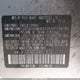 JF2GPAGC0DH813637 2013 Subaru Xv Crosstrek 2.0I Limited auction photo thumbnail 9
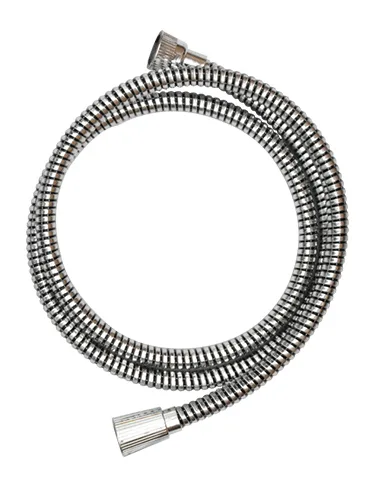 Shower hose — SOCYP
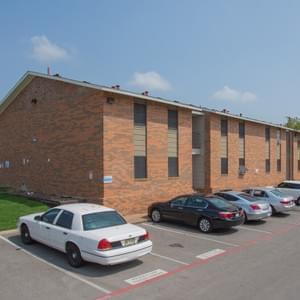 Marabella (Closed Jan 2022) Marabella (Closed Jan 2022)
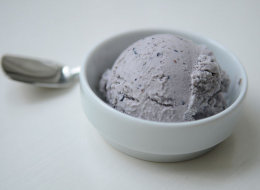 15 Frozen Desserts (Whether You Have an Ice Cream Maker or Not)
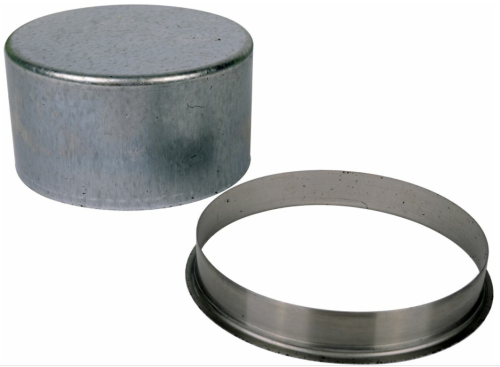 SKF OIL & GREAE SEAL SPEEDI-SLEEVE / WEAR RINGS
○ ○ ○ ○ ○
▶ _Exercise aim_
Nothing but the lines from the line holding "Marabella (Closed Jan 2022) Marabella" through the last line of the entries above is to be reproduced, exactly and without pictures.

▶ _Solution below_
 Marabella (Closed Jan 2022) Marabella (Closed Jan 2022)
 15 Frozen Desserts (Whether You Have an Ice Cream Maker or Not)
 SKF OIL & GREAE SEAL SPEEDI-SLEEVE / WEAR RINGS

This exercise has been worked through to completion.